Data entries
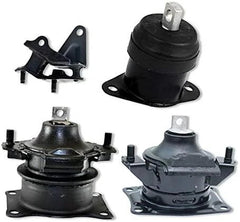 Fits 2003-2007 Honda Accord 2.4L MANUAL Motor & Rear Trans Mount Set 4pcs : 6B93BC-57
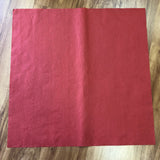 Red textured paper (plain): 63 x 63cm - $2 per sheet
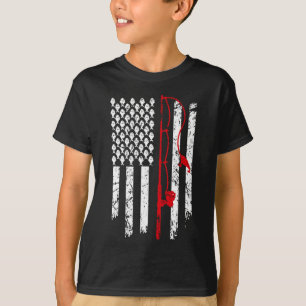 Vintager Fang amerikanischer Flagge T-Shirt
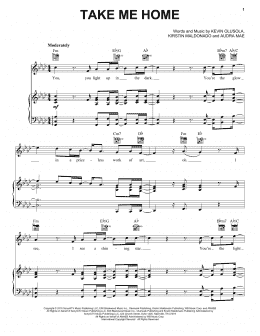 page one of Take Me Home (Piano, Vocal & Guitar Chords (Right-Hand Melody))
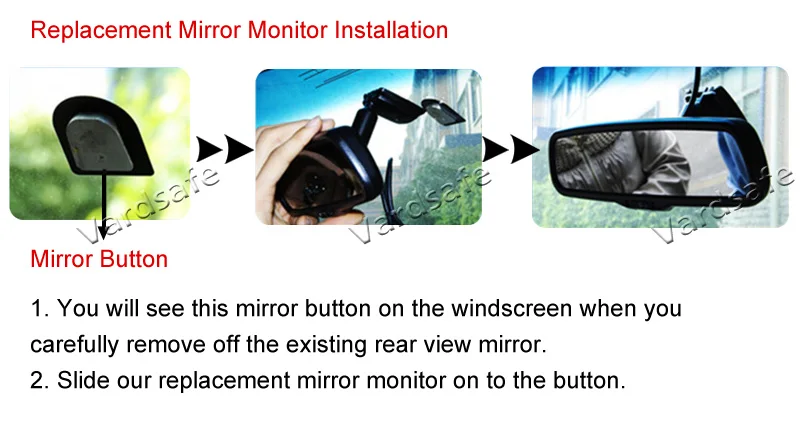 vardsafe replacement mirror monitor installation guide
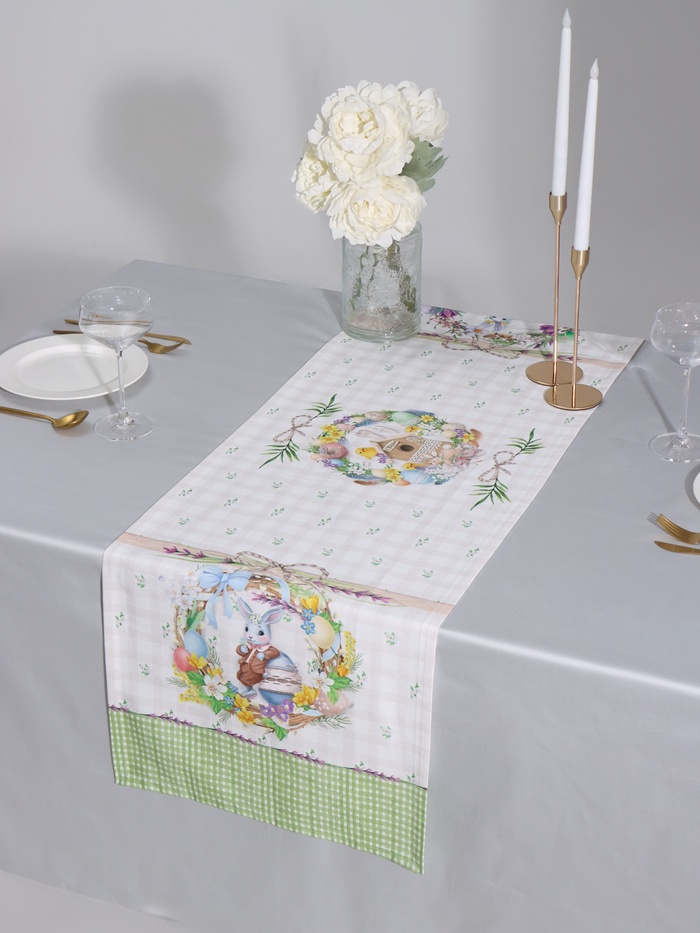 Дорожка на стол «Уютная Пасха», 40×146 см, 100% хлопок, саржа 190 г/м²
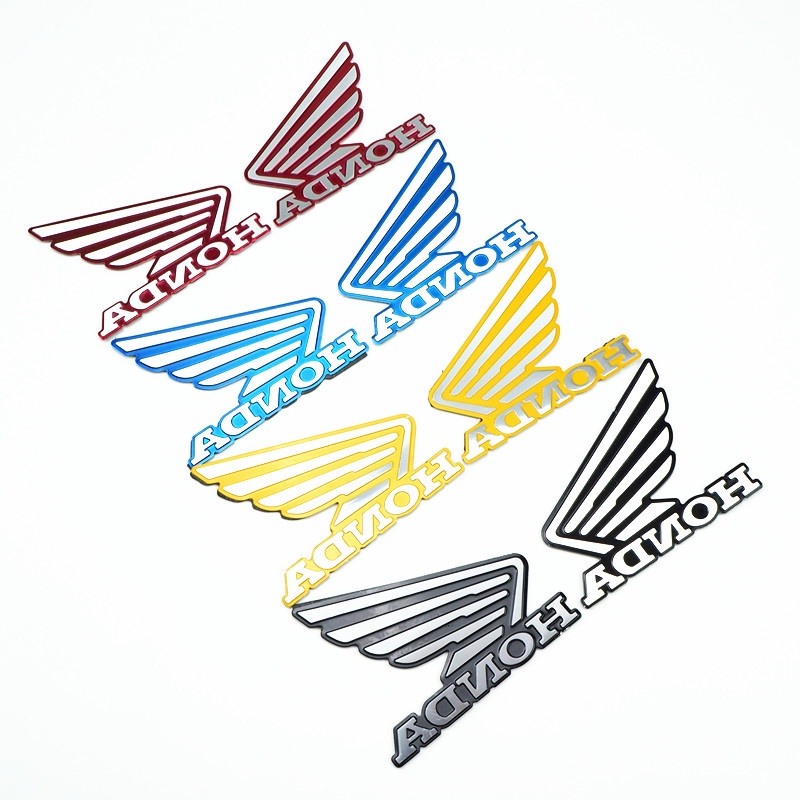 xe máy tem logo cánh chim honda wings Biểu tượng Bình xăng bằng nhôm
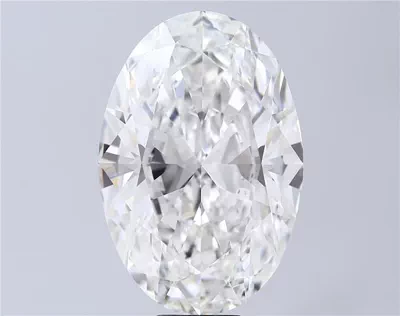 17.50ct F VVS2 Rare Carat Ideal Cut Oval Lab Grown Diamond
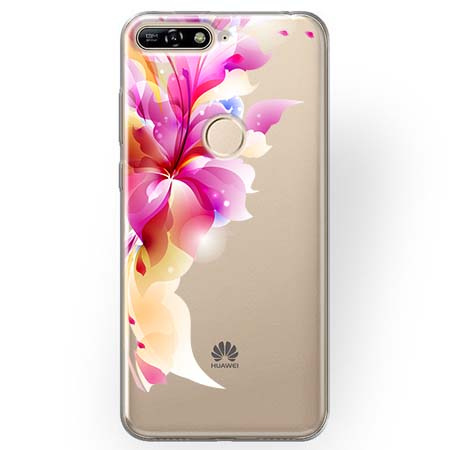 Etui na Huawei Y7 Prime 2018 - Bajeczny kwiat.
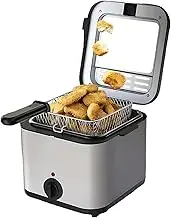 Deep Fat Fryers for Home Use 2.5L 1000W, Temperature Adjustable 80-190 ℃,for Fried Chicken, French Fries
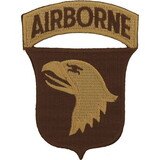 Eagle Emblems PM0535 Patch-Army, 101St A/B Div. (Desert) (3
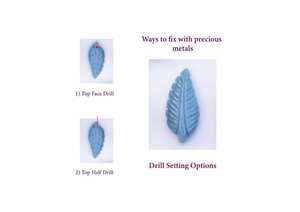 Natural Blue Opal Leaf Carving Loose Gemstone 20x10mm Yellow for Jewelry Making - Product Image 2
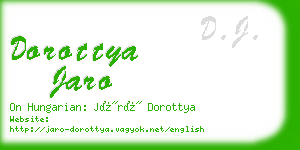 dorottya jaro business card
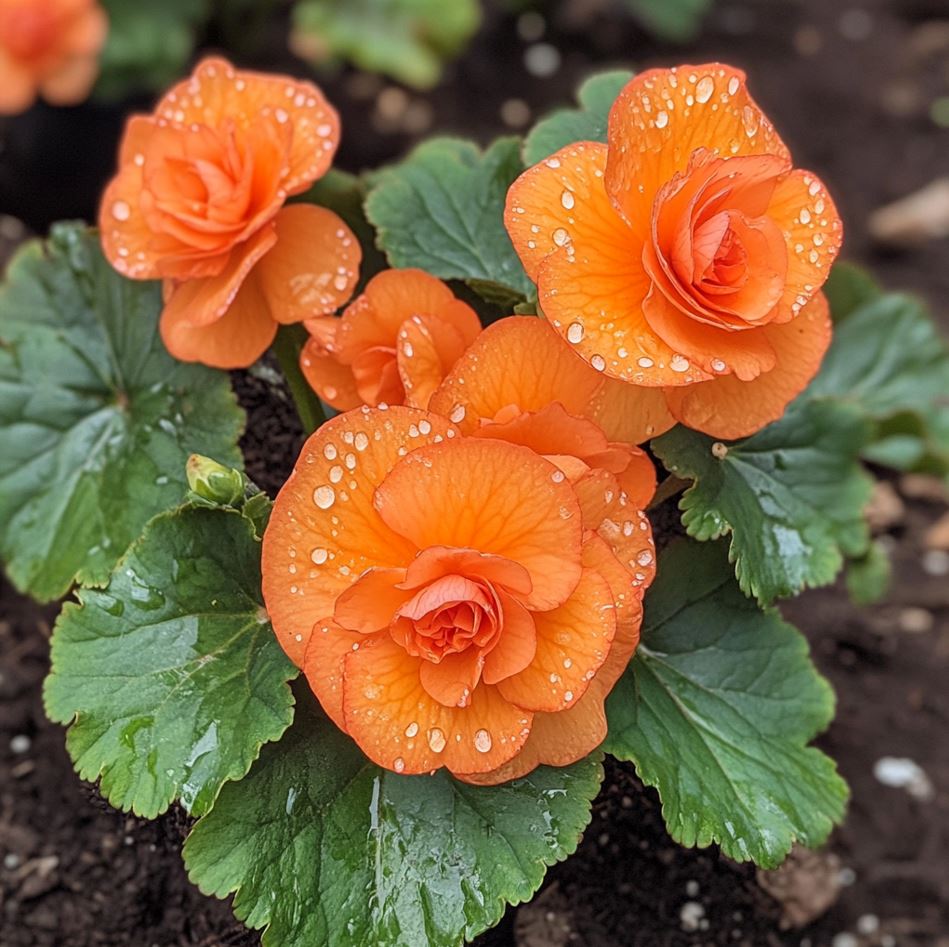 Begonia Rex 'Amber Bloom'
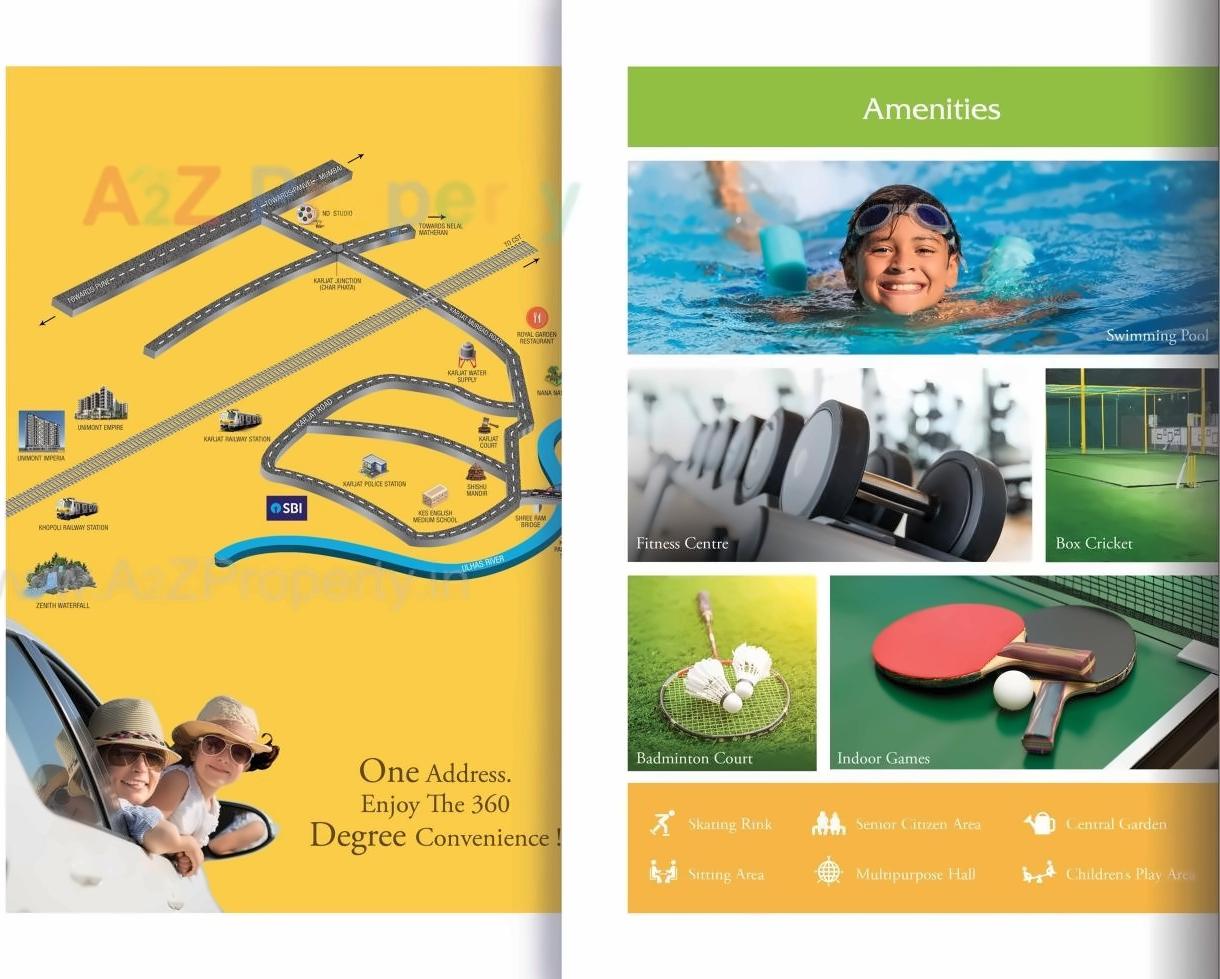  of real estate project Unimont Aurum located at Karjat, Raigarh, Maharashtra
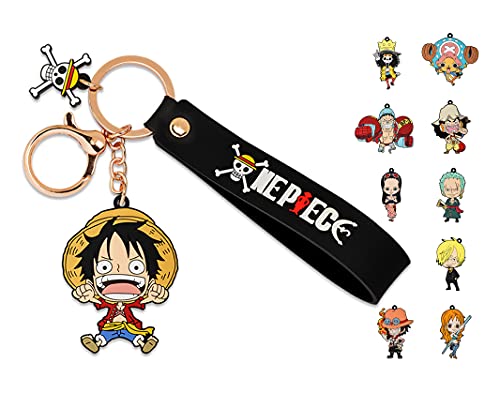 YJacuing Anime One Piece Fish-Man Island Saga Collection Blind Box Keychain, Cute Collectible PVC Charm (B, 1)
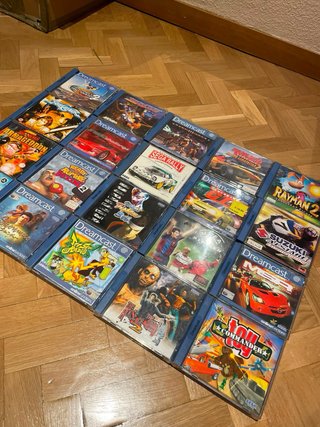Lote de 20 videojuegos Dreamcast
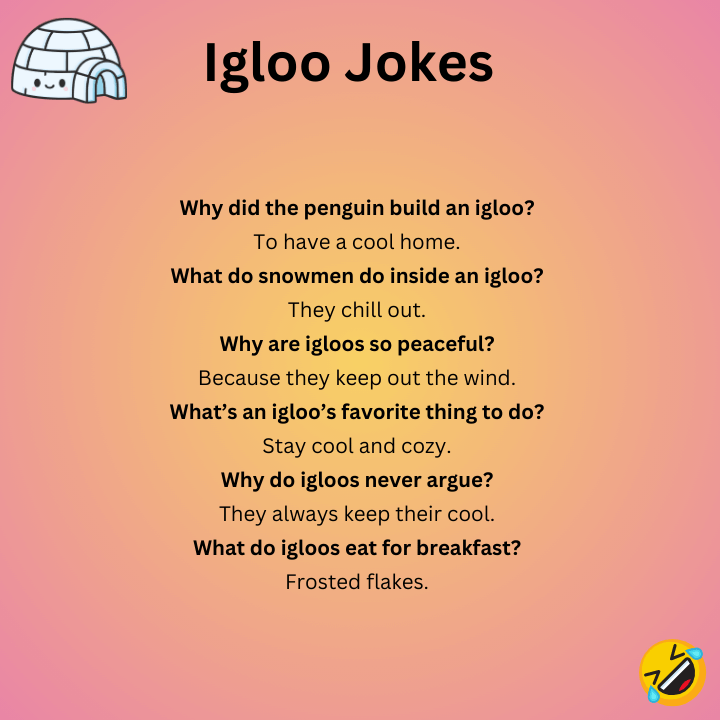 Short Igloo Jokes 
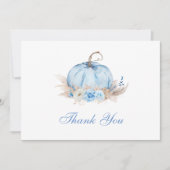 Blue Pumpkin Danke Karte (Vorderseite)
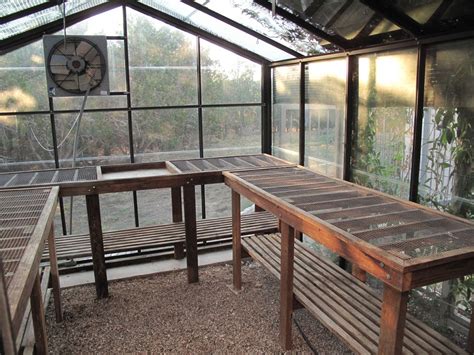 Greenhouse tables | Greenhouse benches, Greenhouse shelves, Wooden ...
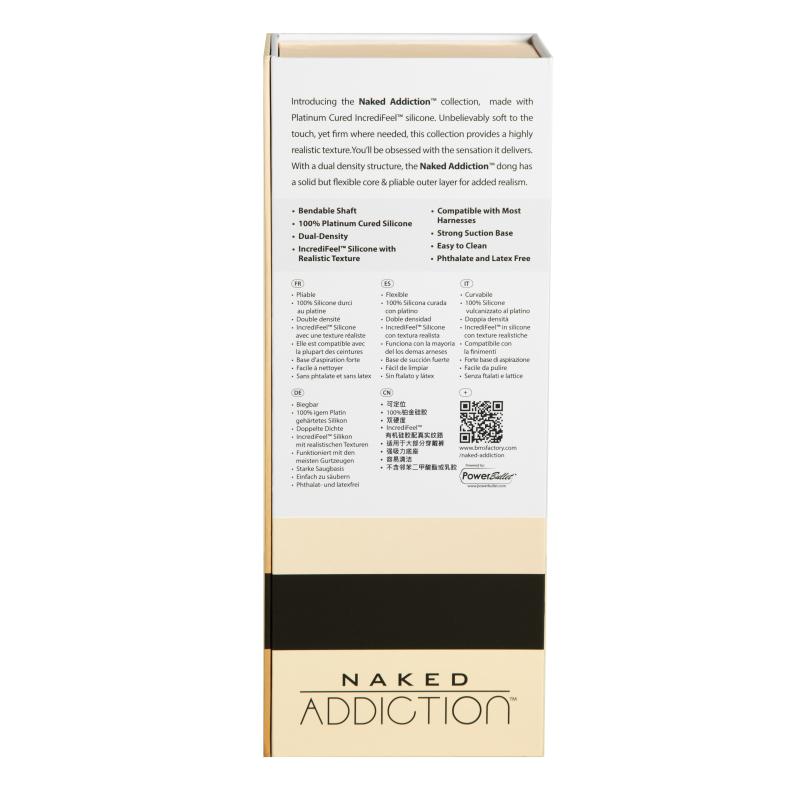 Naked Addiction - 22,8 Cm Silicone Bendable Dual Density Dildo Vanilla 5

> [WHAT THE TASK ASKS]
Please set down every record exactly as it appears, leaving out the pictures.

> [COMPLETED EXERCISE]
 Fits 2003-2007 Honda Accord 2.4L MANUAL Motor & Rear Trans Mount Set 4pcs : 6B93BC-57
 Red textured paper (plain): 63 x 63cm - $2 per sheet
 Vintager Fang amerikanischer Flagge T-Shirt
 page one of Take Me Home (Piano, Vocal & Guitar Chords (Right-Hand Melody))
 vardsafe replacement mirror monitor installation guide
 Дорожка на стол «Уютная Пасха», 40×146 см, 100% хлопок, саржа 190 г/м²
 xe máy tem logo cánh chim honda wings Biểu tượng Bình xăng bằng nhôm
 17.50ct F VVS2 Rare Carat Ideal Cut Oval Lab Grown Diamond
 Etui na Huawei Y7 Prime 2018 - Bajeczny kwiat.
 Deep Fat Fryers for Home Use 2.5L 1000W, Temperature Adjustable 80-190 ℃,for Fried Chicken, French Fries
 Eagle Emblems PM0535 Patch-Army, 101St A/B Div. (Desert) (3
 Natural Blue Opal Leaf Carving Loose Gemstone 20x10mm Yellow for Jewelry Making - Product Image 2
 dorottya jaro business card
 Begonia Rex 'Amber Bloom'
  of real estate project Unimont Aurum located at Karjat, Raigarh, Maharashtra
 YJacuing Anime One Piece Fish-Man Island Saga Collection Blind Box Keychain, Cute Collectible PVC Charm (B, 1)
Lote de 20 videojuegos Dreamcast
 Short Igloo Jokes 
 Blue Pumpkin Danke Karte (Vorderseite)
 Greenhouse tables | Greenhouse benches, Greenhouse shelves, Wooden ...
 Naked Addiction - 22,8 Cm Silicone Bendable Dual Density Dildo Vanilla 5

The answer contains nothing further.